Initializes internal Module state, shared by both nn.Module and ScriptModule.

forward(input_tensor: Tensor, update_precision: bool = False, get_var: bool = False) Tensor

Forward pass. Only updates the precision matrix if update_precision is set to True.

Parameters:
  • input_tensor (Tensor) – The input x values. Must be a 2d tensor.

  • update_precision (bool) – If True, update the precision matrix. Only do this during training.

  • get_var (bool) – If True, obtain the variance on the predictions. Only do this when generating model predictions (not necessary during training).

Returns:
  • logits (Tensor) – The output predictions, of size (input_tensor.shape[0], out_targets)
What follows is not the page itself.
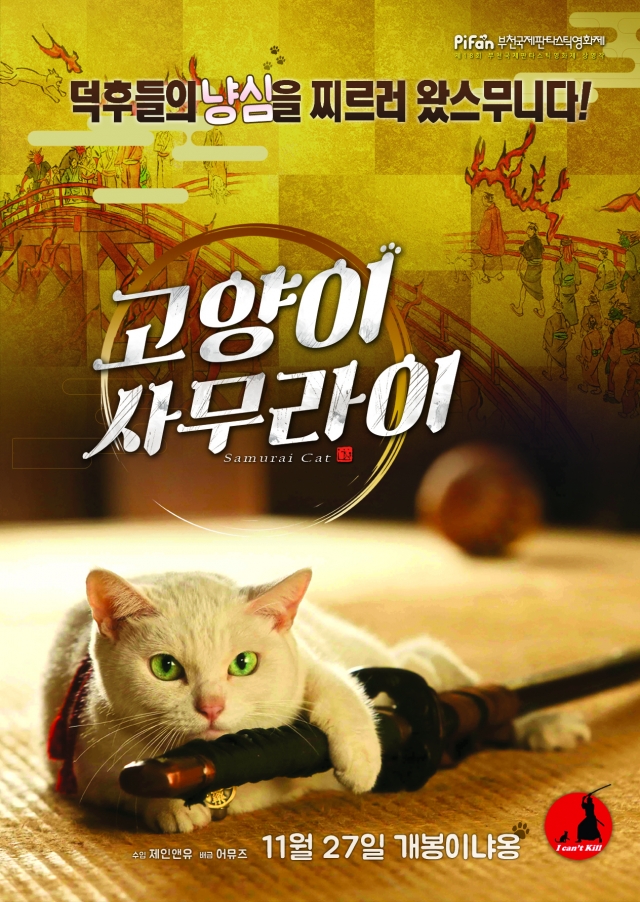 고양이사무라이_엽서_앞_비치용.jpg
  • var (Tensor) – Only returned if get_var is True. Indicates variance on predictions.

Raises:

RuntimeError – A RuntimeError is raised if get_var is set to True but model.eval() has never been called.

Notice that there are two ways to generate the precision matrix. It can either be generated during the course of training, by setting a momentum value between 0 and 1; or, by setting momentum to a value less than 0 (e.g. -1), it will be generated over the course of a single epoch. If you are going to use the first strategy, you should pass update_precision=True to the forward function of VanillaRFFLayer on every epoch. Otherwise, you should leave update_precision=False (the default) during every training epoch right up until the last epoch, then set update_precision=True during that last epoch. The first strategy gives a slightly less accurate estimate of uncertainty but is easier to implement; the latter is slightly more accurate and is cheaper during training (except during the last epoch).
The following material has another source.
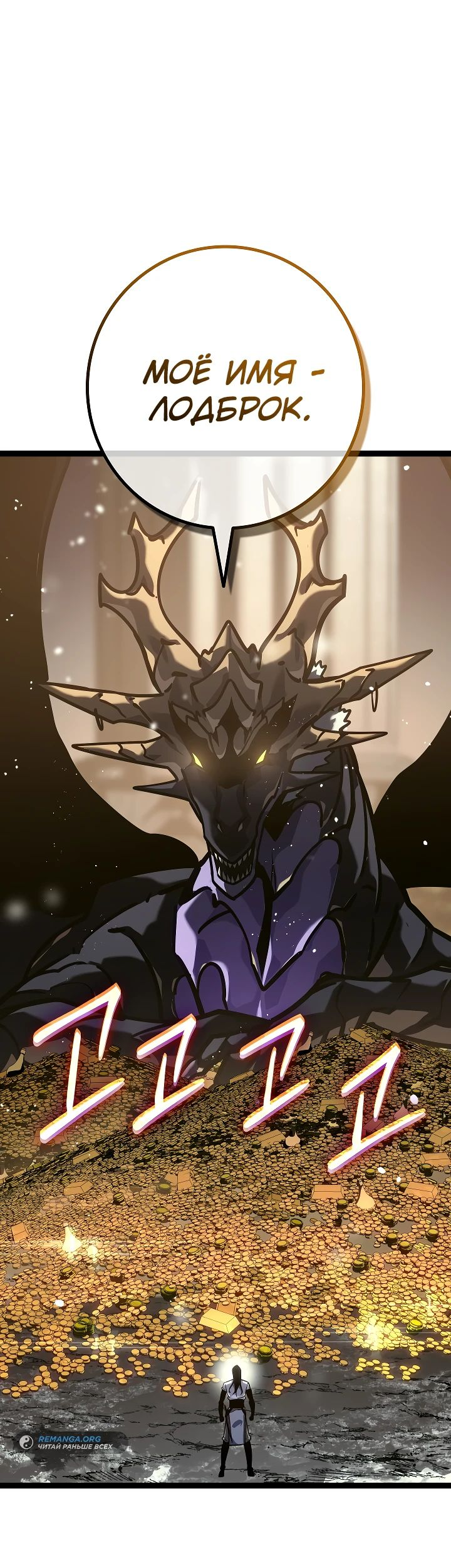Read Перерождение ублюдка из клана Меча RU Manga Online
As soon as you call model.eval() on your model, the model will use the precision matrix (however generated) to build a covariance matrix. The covariance matrix is then used to estimate uncertainty any time you call forward with get_var set to True. If you try to call forward with get_var set to True without ever calling model.eval(), a RuntimeError will be generated. If you call model.eval() but you never set update_precision=True at any time during training, a covariance matrix will still be generated, but the uncertainty estimates it supplies will not be accurate, so make sure you set update_precision=True at some point during training as described above.